A catarata não é uma "película que cresce por cima do olho". É uma alteração dentro da própria lente natural — por isso não adianta colírios ou óculos para reverter. O único tratamento definitivo é a cirurgia.

Capítulo 02

Sintomas e impacto no dia a dia

A catarata evolui lentamente. No início, a perda de qualidade visual pode ser discreta. Com o tempo, os sintomas se tornam mais evidentes e passam a interferir nas atividades cotidianas.

Os sinais mais comuns: visão embaçada que não melhora com óculos novos; ofuscamento; halos ao redor das luzes; cores mais apagadas ou amareladas; piora da visão noturna; e necessidade de trocar a graduação com frequência.

Quando buscar avaliação?

Se você percebe embaçamento visual que não melhora com a troca de óculos, dificuldade com luz forte ou piora progressiva da visão — especialmente após os 50 anos — procure um oftalmologista.

Capítulo 03

Como é o diagnóstico

O diagnóstico da catarata é feito pelo oftalmologista durante a consulta, com exame de lâmpada de fenda. Quando há indicação cirúrgica, são realizados exames complementares — em especial a biometria ocular, que mede com precisão as dimensões do olho e permite calcular o poder óptico ideal da lente intraocular.

A indicação cirúrgica depende do impacto na qualidade de vida do paciente — não existe uma regra única. O momento ideal para operar é discutido individualmente em consulta.

Capítulo 04

A cirurgia de catarata

A técnica padrão é a facoemulsificação: sonda ultrassônica introduzida por incisão mínima (menor que 3 mm) que fragmenta e aspira o cristalino opaco. Em seguida, a lente intraocular dobrada é inserida e se desdobra no lugar correto.

Regime ambulatorial, anestesia local (colírio), duração média de 15 a 20 minutos. Sem pontos — a incisão é autosselante. O paciente retorna para casa no mesmo dia.

1Preparo e anestesiaColírio anestésico e dilatador. Paciente acordado e confortável, sem sentir dor.
2MicroincisãoIncisão menor que 3 mm na córnea. Por ela passarão todos os instrumentos e a nova lente.
3FacoemulsificaçãoSonda ultrassônica fragmenta e aspira o cristalino opaco. Cápsula posterior preservada.
4Implante da lente intraocularLIO dobrada é inserida e se desdobra no saco capsular. Sem pontos.
5Alta e retornoPaciente vai para casa com protetor ocular. Retorno no dia seguinte. Visão melhora nas primeiras horas.
Capítulo 05

Tipos de lentes intraoculares

A escolha da lente intraocular (LIO) é feita em conjunto com o médico, considerando o estilo de vida e as características de cada olho. Existem lentes que proporcionam maior ou menor liberdade dos óculos — é possível ficar praticamente livre deles.

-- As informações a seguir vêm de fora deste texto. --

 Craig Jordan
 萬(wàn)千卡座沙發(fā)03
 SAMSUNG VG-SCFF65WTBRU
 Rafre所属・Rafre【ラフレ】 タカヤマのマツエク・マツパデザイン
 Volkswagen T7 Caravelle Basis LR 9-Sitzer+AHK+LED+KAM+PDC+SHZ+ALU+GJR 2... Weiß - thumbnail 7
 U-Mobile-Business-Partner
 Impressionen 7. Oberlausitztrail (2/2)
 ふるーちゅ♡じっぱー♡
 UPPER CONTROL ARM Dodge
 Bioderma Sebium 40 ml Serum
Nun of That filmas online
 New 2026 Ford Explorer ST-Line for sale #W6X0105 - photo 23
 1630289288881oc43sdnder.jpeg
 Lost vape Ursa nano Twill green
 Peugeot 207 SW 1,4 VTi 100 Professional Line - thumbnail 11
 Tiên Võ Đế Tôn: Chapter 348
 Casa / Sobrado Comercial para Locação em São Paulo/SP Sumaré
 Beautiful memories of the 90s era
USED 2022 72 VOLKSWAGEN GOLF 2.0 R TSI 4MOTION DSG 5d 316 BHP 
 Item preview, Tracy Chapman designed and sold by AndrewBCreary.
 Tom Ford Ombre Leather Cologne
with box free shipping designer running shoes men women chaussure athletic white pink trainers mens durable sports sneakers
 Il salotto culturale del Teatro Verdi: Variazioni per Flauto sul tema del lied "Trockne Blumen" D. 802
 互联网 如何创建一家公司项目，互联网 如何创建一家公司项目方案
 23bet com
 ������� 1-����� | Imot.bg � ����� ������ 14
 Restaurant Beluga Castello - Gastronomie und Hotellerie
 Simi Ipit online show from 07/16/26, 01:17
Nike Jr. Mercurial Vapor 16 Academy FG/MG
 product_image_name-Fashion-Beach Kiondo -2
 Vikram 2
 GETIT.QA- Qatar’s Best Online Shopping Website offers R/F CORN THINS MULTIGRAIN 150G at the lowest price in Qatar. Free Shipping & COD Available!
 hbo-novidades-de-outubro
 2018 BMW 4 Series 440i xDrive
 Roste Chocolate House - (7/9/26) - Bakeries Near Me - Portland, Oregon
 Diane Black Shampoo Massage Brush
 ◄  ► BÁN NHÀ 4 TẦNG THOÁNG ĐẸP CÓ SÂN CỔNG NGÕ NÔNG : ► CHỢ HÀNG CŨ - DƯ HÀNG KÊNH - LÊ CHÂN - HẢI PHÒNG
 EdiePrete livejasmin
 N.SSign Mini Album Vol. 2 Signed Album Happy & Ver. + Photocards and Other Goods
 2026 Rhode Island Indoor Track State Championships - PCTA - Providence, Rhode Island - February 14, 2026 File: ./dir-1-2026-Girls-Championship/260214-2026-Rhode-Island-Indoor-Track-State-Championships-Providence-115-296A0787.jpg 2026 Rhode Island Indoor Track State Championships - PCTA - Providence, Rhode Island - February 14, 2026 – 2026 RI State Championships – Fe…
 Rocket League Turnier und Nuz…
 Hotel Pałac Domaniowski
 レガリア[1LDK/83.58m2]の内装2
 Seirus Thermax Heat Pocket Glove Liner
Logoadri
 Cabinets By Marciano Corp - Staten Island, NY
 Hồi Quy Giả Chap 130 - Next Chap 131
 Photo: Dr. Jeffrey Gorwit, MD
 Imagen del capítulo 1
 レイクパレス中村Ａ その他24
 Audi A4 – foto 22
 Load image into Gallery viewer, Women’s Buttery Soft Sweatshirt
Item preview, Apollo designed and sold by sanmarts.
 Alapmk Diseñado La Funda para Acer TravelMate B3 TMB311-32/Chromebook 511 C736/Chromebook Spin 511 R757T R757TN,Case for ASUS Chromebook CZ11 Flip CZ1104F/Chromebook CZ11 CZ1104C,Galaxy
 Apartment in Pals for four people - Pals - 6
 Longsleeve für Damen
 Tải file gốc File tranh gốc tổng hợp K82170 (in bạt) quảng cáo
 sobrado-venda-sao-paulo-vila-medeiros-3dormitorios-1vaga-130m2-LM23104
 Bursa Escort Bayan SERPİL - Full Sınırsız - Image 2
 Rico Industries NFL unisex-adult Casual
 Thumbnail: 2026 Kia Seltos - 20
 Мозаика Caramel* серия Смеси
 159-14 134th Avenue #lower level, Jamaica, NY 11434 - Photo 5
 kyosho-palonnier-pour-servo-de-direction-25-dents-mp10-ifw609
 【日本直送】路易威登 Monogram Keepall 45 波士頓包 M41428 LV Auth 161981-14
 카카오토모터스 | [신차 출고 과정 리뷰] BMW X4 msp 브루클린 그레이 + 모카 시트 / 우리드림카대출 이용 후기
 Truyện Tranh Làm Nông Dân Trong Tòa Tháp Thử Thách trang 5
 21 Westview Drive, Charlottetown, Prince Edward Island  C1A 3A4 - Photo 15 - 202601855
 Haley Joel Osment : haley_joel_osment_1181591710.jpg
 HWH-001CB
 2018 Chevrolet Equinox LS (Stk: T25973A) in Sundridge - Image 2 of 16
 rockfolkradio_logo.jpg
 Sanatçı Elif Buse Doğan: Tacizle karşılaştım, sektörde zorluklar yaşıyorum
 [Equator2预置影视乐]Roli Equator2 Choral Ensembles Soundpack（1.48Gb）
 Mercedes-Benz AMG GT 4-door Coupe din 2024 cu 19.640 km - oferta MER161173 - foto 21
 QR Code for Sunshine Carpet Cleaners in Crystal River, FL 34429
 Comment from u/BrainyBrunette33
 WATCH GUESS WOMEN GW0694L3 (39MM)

A escolha é individualizada e varia com as necessidades de cada paciente. A indicação ideal depende das suas necessidades e das medidas do seu olho — avaliada em consulta.

Capítulo 06

Pós-operatório e recuperação

A maioria dos pacientes já percebe melhora significativa nas primeiras 24 a 48 horas. Os cuidados incluem: colírios nos horários corretos, protetor ocular ao dormir, evitar esfregar os olhos e comparecer a todos os retornos.

Ler, assistir TV e usar celular podem ser retomados no dia seguinte. Dirigir e exercício físico dependem de liberação médica — geralmente entre 1 e 4 semanas.

Sinal de alerta

Dor intensa, visão muito embaçada ou vermelhidão excessiva após a cirurgia — entre em contato com o consultório imediatamente.

Capítulo 07

Mitos e verdades

Mito: Catarata só acontece em pessoas muito idosas.

Verdade: Embora mais comum após os 60 anos, a catarata pode surgir mais cedo. Alguns fatores de risco: diabetes, exposição solar intensa, uso crônico de corticoides ou traumas oculares.

Mito: Preciso esperar a catarata "amadurecer" para operar.

Verdade: Esse conceito é antigo. Com a facoemulsificação moderna, é possível operar em estágios mais iniciais, dependendo do impacto na qualidade de vida do paciente.

Mito: A catarata pode voltar depois de operada.

Verdade: A catarata em si não volta. O que pode ocorrer é a "catarata secundária" (opacificação da cápsula), tratada com laser rapidamente — popularmente conhecida como "limpeza da lente".

Mito: A cirurgia de catarata é perigosa e demorada.

Verdade: É uma das cirurgias mais seguras da medicina. Dura 15 a 20 minutos, regime ambulatorial, anestesia local. Taxa de complicações graves inferior a 1%.